Литмир - Электронная Библиотека
A
A

Жалкие эмигрантские комнатушки «Дара» были обменены на карикатурные мотели «Лолиты». Недоступное дореволюционное прошлое набоковских героев стало другой страной, заокеанской мечтой, заграницей. Это дореволюционное прошлое, отпавшее с возникновением Советского Союза, было и для меня другой страной, точно так же как Америка — для Гумберта Гумберта. А та страна Россия (и ее прошлое), которую потерял сам Набоков, для меня вообще никогда не существовала. У меня зародилось подозрение, что страстные поклонники Набокова, живущие в своем уютном, обособленном мирке, совершенно игнорируют тот факт, что вездесущая советская идеология стала неотъемлемой частью жизни всего остального населения.

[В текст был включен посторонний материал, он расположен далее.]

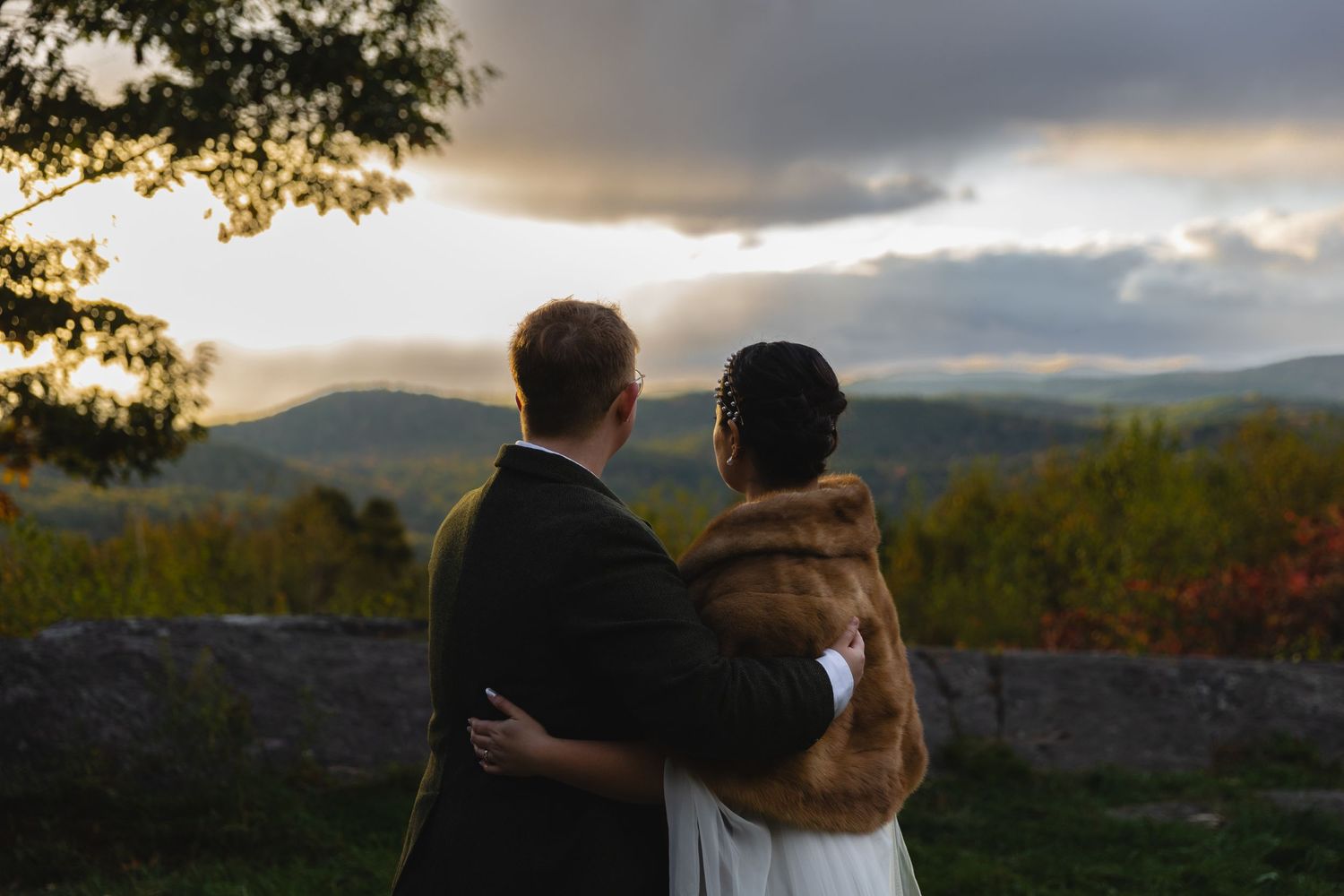 Couple embraces while overlooking mountain vista at sunset on their wedding day.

Эту идеологию они воспринимали как еще одно заурядное проявление идиотизма вульгарной толпы, которой манипулируют хитроумные демагоги. Но мой ежедневный быт, как жизнь всякого, заключенного в границах СССР, был насквозь пропитан советской идеологией, партийными лозунгами. Я принадлежал к поколению, открывшему для себя соц-арт, советскую поп-культуру, с ее корнями в партийной пропаганде для пролетарских масс. Эта повседневная реальность казалась слишком вульгарной для привередливых снобов из набоковского лагеря.

Постепенно меня начал раздражать слепой энтузиазм и нелепое желание разделять с кем-то приступы чужой ностальгии. Этот культ преклонения перед набоковским прошлым, как перед идолом, отнимал у меня мое настоящее.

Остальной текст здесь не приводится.